Adler Handorf - TSV Zweidorf/Wendeburg 4:4 (1:3). Die Adler zeigten Moral und holten am Ende einen Punkt. Die erste Halbzeit ging eindeutig an die Gäste, die durch Tim Hein bereits in der fünften Spielminute die Führung erzielten. Handorf steckte jedoch in der zweiten Hälfte nicht auf und ging sogar zwischenzeitlich in Führung.

„Es war unglücklich, dass wir nach der Führung die Punkte nochmal aus der Hand gegeben haben“, ärgerte sich Adler-Coach Stephan Schrul über den Ausgleich. „Es war ein Freistoß aus 40 Metern, unser Torwart und Abwehrspieler werden sich nicht einig, so konnte der Ball zu Wendeburgs Walter durchrutschen, der ihn reinspitzelte.“ Schrul sah aber insgesamt zwei Teams auf Augenhöhe: „Das Spiel hatte heute keinen Sieger verdient.“

Tore: 0:1 Hein (5.), 0:2 Weber (18.), 1:2 Bender (30., Foulelfmeter), 1:3 Atal (45.+2), 2:3 Omar (49.), 3:3 Schönball (56.), 4:3 Mucha (59.), 4:4 Walter (75.).

MTV Wedtlenstedt - TSV Wendezelle II 1:3 (1:2).
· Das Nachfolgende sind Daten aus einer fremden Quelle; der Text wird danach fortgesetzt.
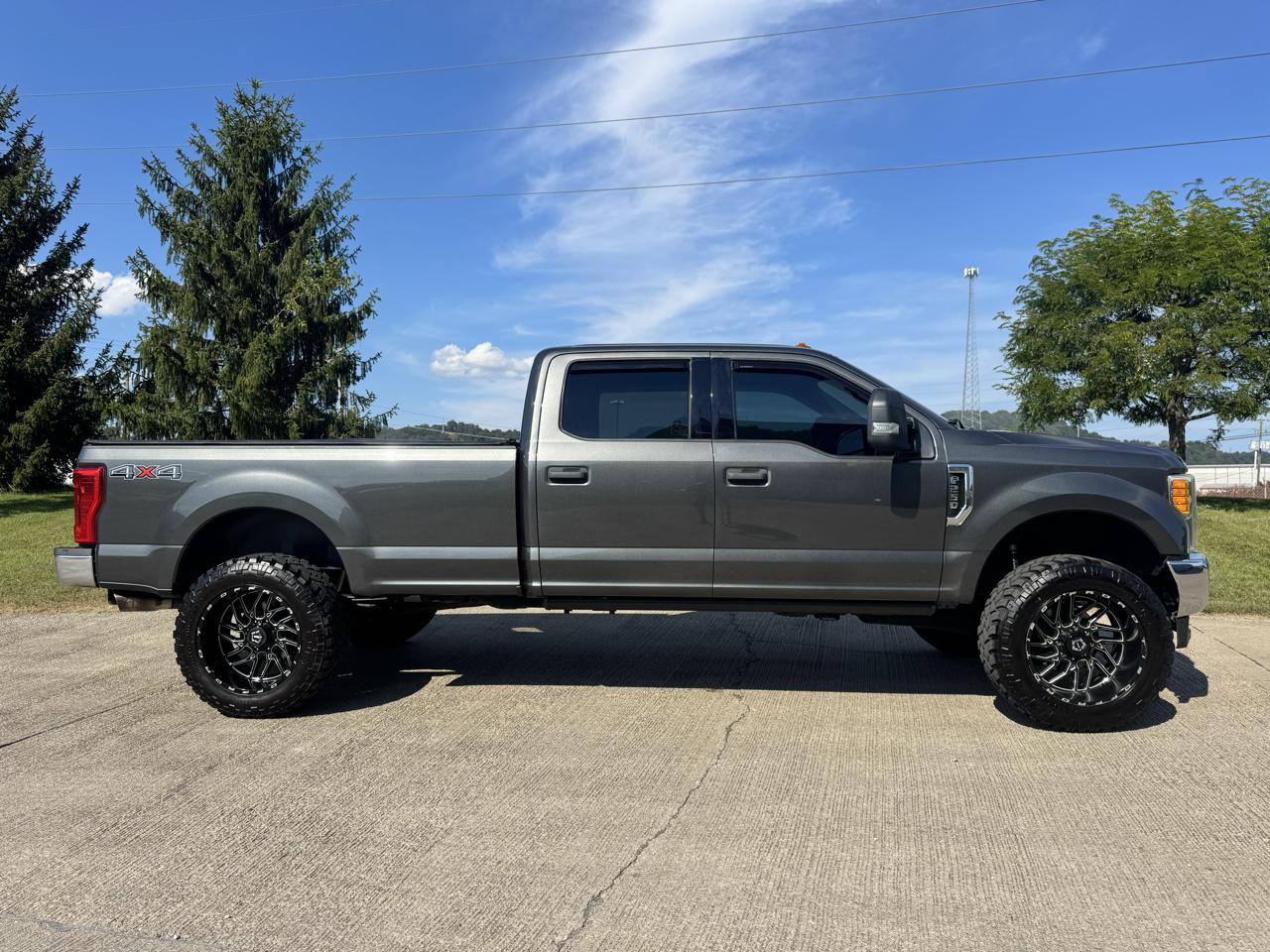 Ford F-250 SD XLT Crew Cab 4WD 2017
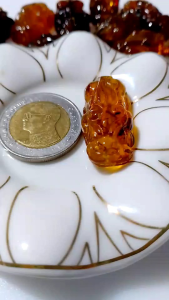 ปี่เซี๊ยะงานแกะสลักจากอำพัพม่าแท้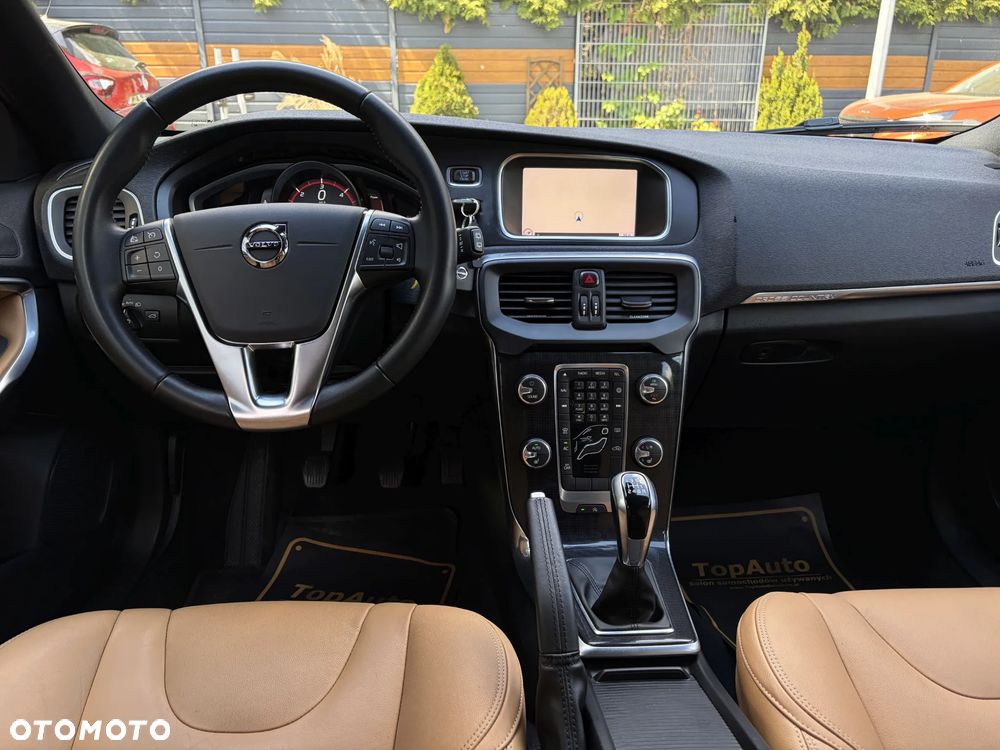 Volvo V40 Cross Country D2 Momentum - 33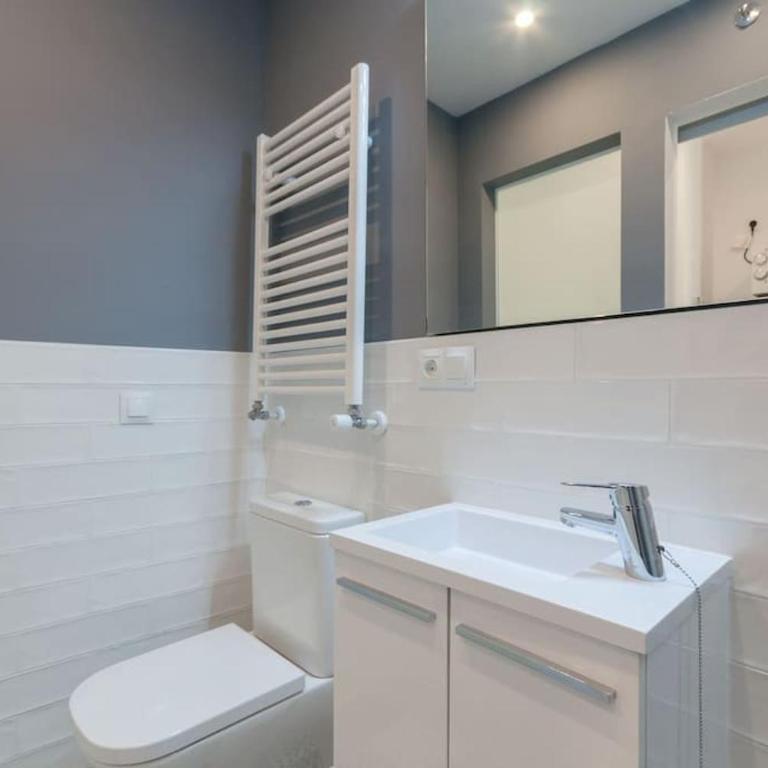 ºººEM Historical CityCentre WiFi AC SmartTVººº - One-Bedroom Apartment - 5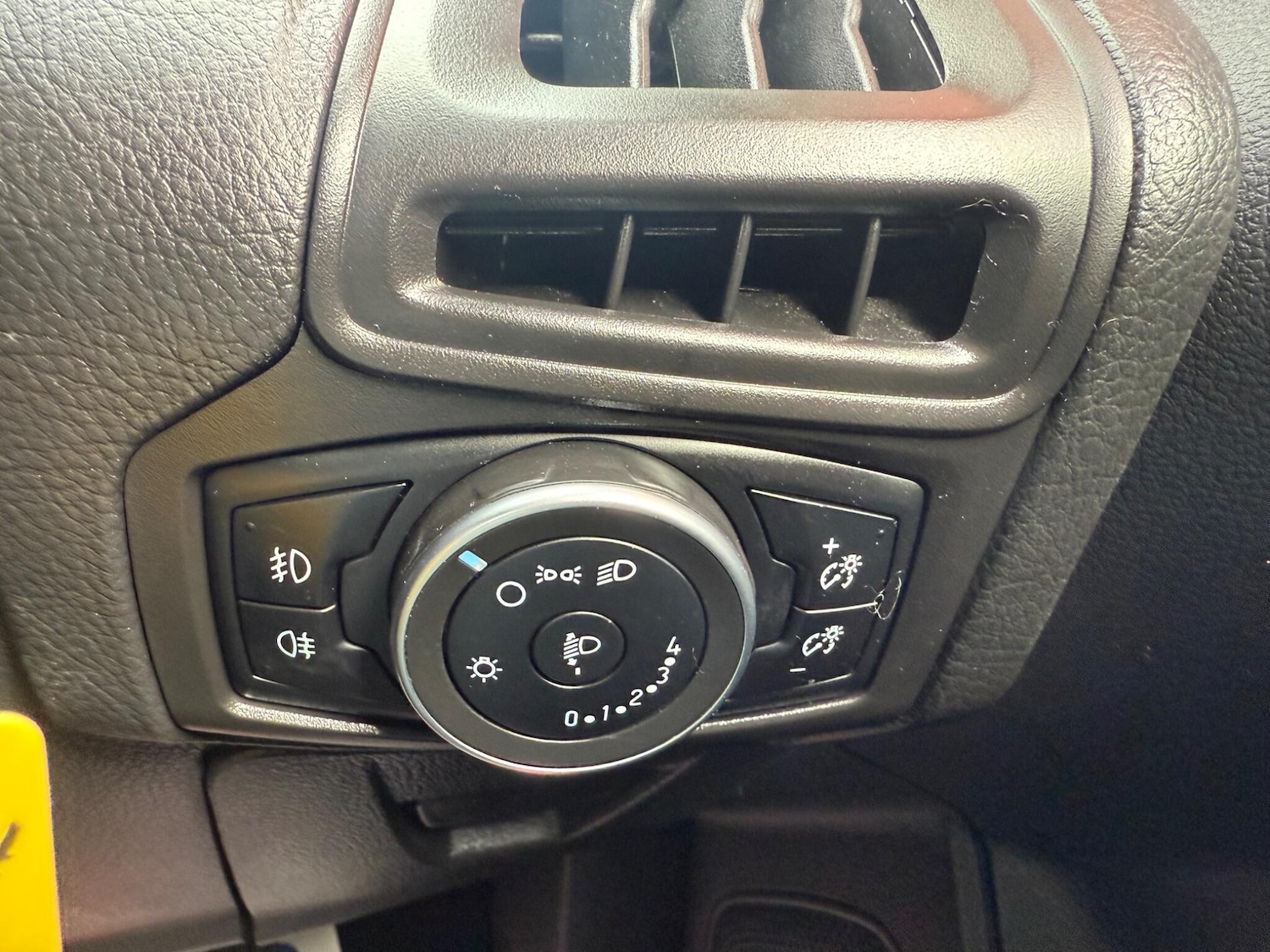 Used Ford Focus 2015 for sale - 78085809: Photo 33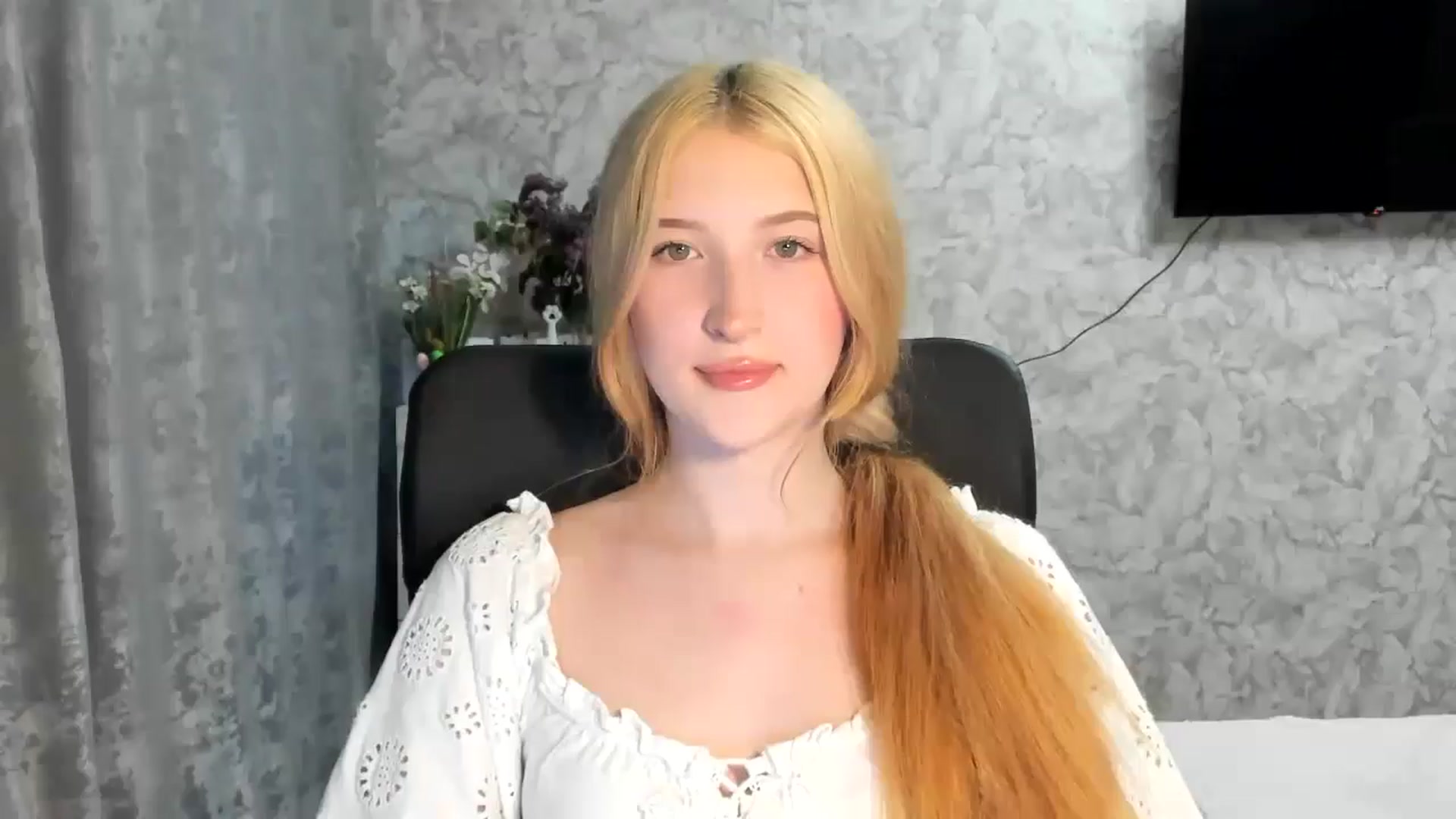 Gallery image thumbnail from Ilona_Here's myfreecams stream on, 05/08/2026, 17:22 image 8 of 20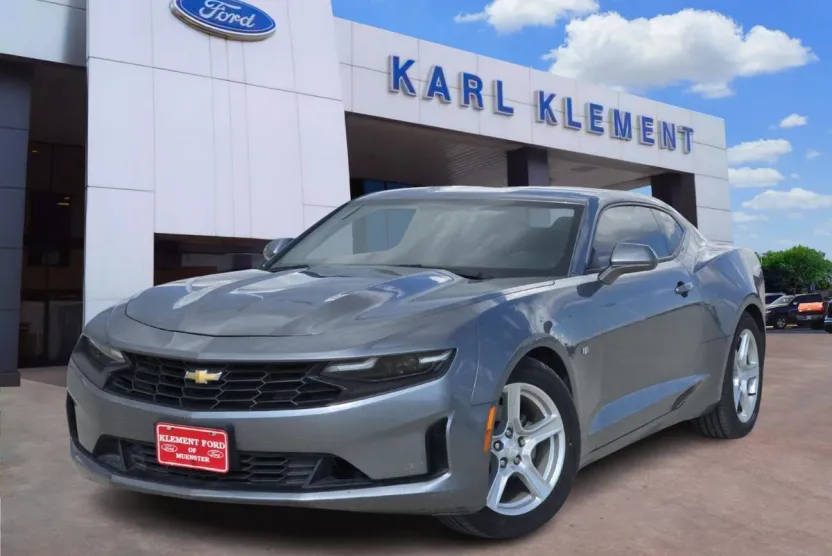 2021 Chevrolet Camaro 1LT photo 1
Der TSV Wendezelle gewann sein Auswärtsspiel auch dank zweier „Wölfe“: Vater Stefan Wolf (51) und Sohn Tom-Ole (18) standen gemeinsam auf dem Platz und zeigten gute Leistungen. „Die ersten 20 Minuten waren schlecht von uns, wir sind nicht in die Zweikämpfe gekommen und haben keine zweiten Bälle gewonnen - der Rückstand war daher absolut verdient“, ärgerte sich TSV-Coach Heino Meißner.

Erst der Ausgleich sorgte für mehr Sicherheit bei den Gästen, die das Spiel noch in der ersten Halbzeit drehen konnten. „Der Halbzeitstand war etwas glücklich, aber durch die schnelle 3:1-Führung nach Wiederanpfiff und die vielen nicht genutzten Chancen in der zweiten Hälfte, geht der Sieg absolut in Ordnung“ bilanzierte Meißner.

Tore: 1:0 Wershofen (7.), 1:1 Peters (25.). 1:2 Heil (36.), 1:3 Meier (48., Foulelfmeter).